Reaching a vast audience has been made easy with technology. In “Tribes,” Seth Godin writes that anyone can form a tribe by creating a bond around a shared interest, with communication that works both horizontally and vertically. Vertical communication is one-on-one communication between the tribe leader and individual members. On the other hand, horizontal communication is between tribe members. The internet has made it possible to create both horizontal and vertical communication with social networks, blogs, and websites like Basecamp. These communicative platforms allow you to set specific goals, policies, and align expectations with your tribe. By providing platforms to facilitate communication between members, and setting goals, you can bring your tribe together. A successful example of a tribe is Crossfit.com; with its central website, CrossFit certified courses and gyms have developed all over the US. Anyone can build a tribe; all it takes is to find a shared interest and create spaces for horizontal and vertical communication.

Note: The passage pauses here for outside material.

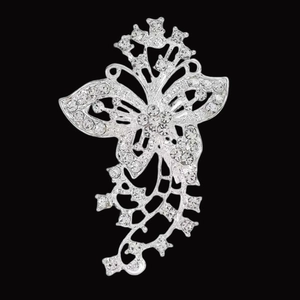 Macro detail of silver alloy butterfly brooch featuring sparkling rhinestone pavé setting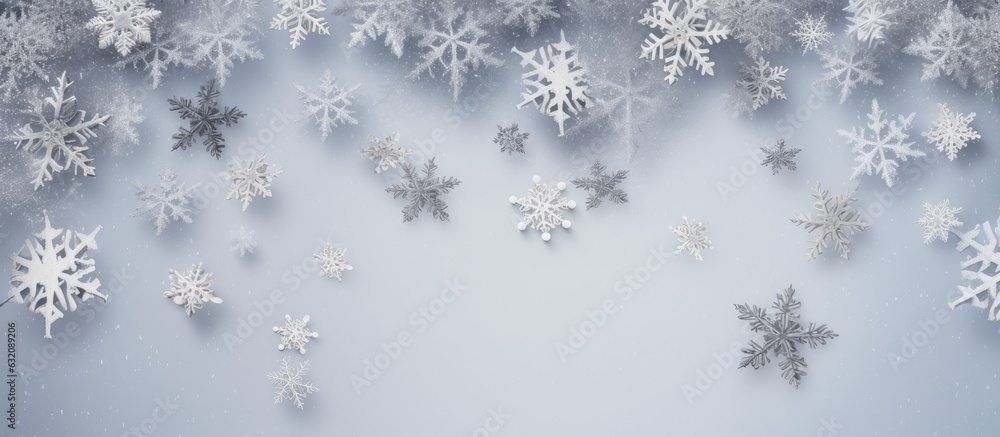 A Christmas picture made up of snowflakes on a pale gray background. Represents the winter season. Photographed from above with the frame laid out and room for text. A Christmas picture made up of snowflakes on a pale gray background. Represents the winter season. Photographed from above with the frame laid out and room for text.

The Art of Creating a Movement

Creating a movement involves tapping into an existing yearning and organizing it in a way that tribe members can connect and form a movement under your leadership. The movement must have a narrative, a connection between the leader and the tribe members, and something to do. A movement can’t be all about money; it needs a meaningful story that’s worth discussing. Leaders need to create something people already want to hear and help the tribe members connect. Nobel Prize winner Al Gore’s global warming documentary, An Inconvenient Truth, was not a new idea, but it took off because it needed a leader to organize people into a community that already knew what was the right thing to do.